THERE was a film doing the rounds a year or two ago called Grnundhog Day. It concerns a TV weatherman for the presumably fictitious Channel 9 in Pittsburgh, Pennsylvania, who is sent to a small town called Punxsutawney to report on the festivities of the day from which the film takes its name.
The rest of the story, quite irrelevant to this column except insofar as it unfolds to the tune of the catchy number I'm Your Weatherman, has our hero condemned to re live the same day over and over again ad nauseam; a sentence which has its disadvantage, but which works wonders for his skills at weather forecasting.

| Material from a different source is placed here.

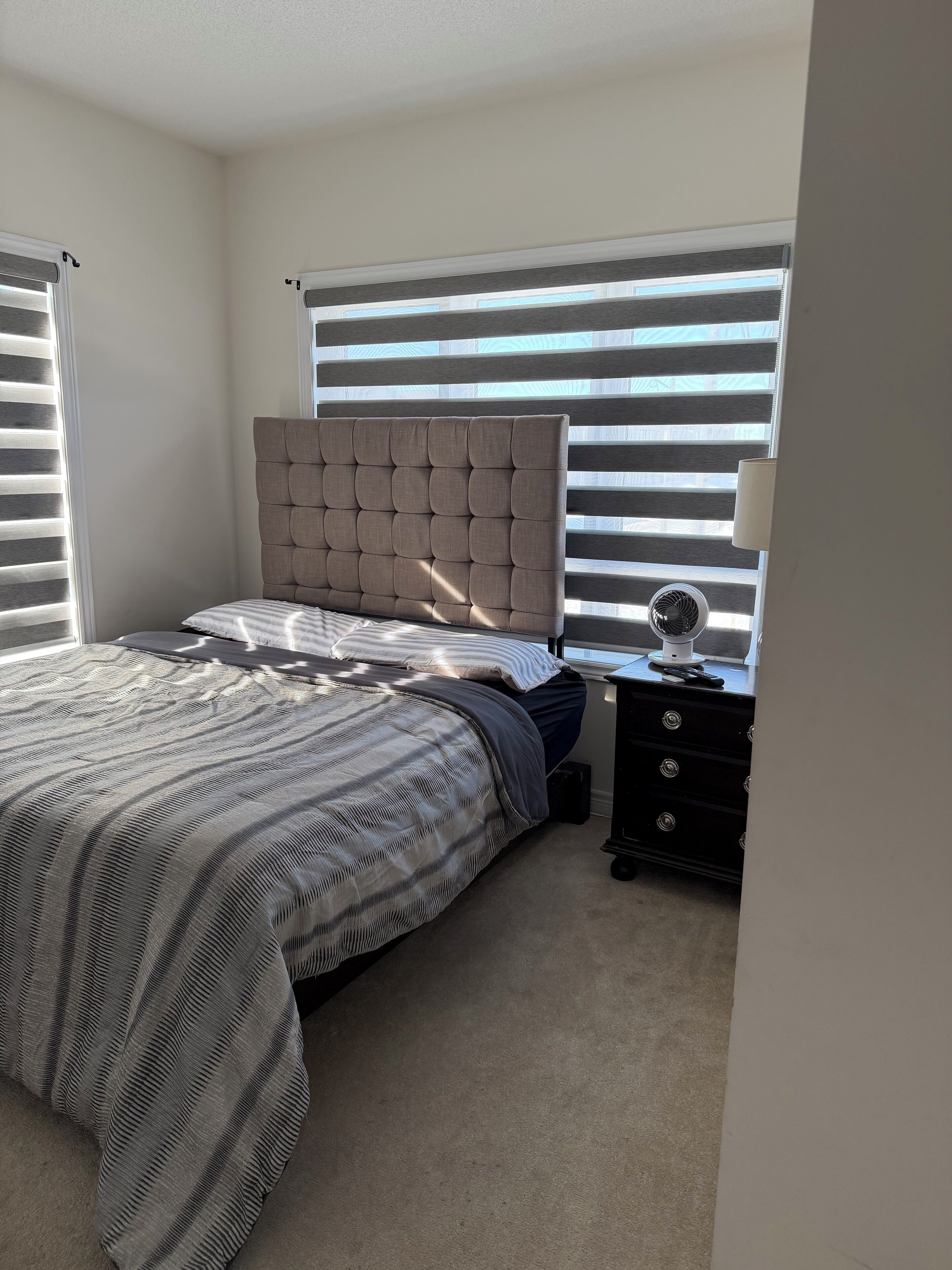 Een strijkplank/strijkijzer, wifi, beddengoed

In the United States, Groundhog Day is tomorrow, February 2nd. We in Europe know it as Candlemas, and there are many traditions in folklore about its weather, most of them to the effect that good conditions on that day are, paradoxically, a sure sign that the worst of the winter is yet to come.
The idea is encapsulated, for example, in the rhyme:
If Candlemas Day be fair and bright
Winter will have another fight;
But if Candlemas brings clouds and rain
Winter is gone and won't come again.
It would seem as if the Candlemas tradition crossed to the New World as a stowaway - aboard the Mayflower, but has subsequently been transposed to the behaviour of a large, and apparently edible, rodent called the groundhog.
The groundhog hibernates, and the story goes that on February 2nd each year he emerges from his burrow. If the weather is dull, he goes about his waking business in his normal way; if, on the other hand, he sees his shadow - if the sun is shining on that day, in other words - he slinks back into his den and remains there for six more weeks until the inevitable spell of cold, wintry weather has passed away.
The citizens of Punxsutawney, Pennsylvania, have made their own the prognostic skills of the groundhog, or of "Punxsutawney Phil" as they like to call him locally. It began on February 2nd, 1887, when seven Punxsutawney, men formed themselves into the Groundhog Club, and retired to Gobbler's Knob, a hill outside the town, to drink copious draughts of beer and watch for groundhogs.
Their annual excursion led to the adoption by Punxsutawney of the rodent and his predictive expertise, and to the town becoming the soi-disant "Weather Capital of the World" every February 2nd, with great accompanying festivities and celebration.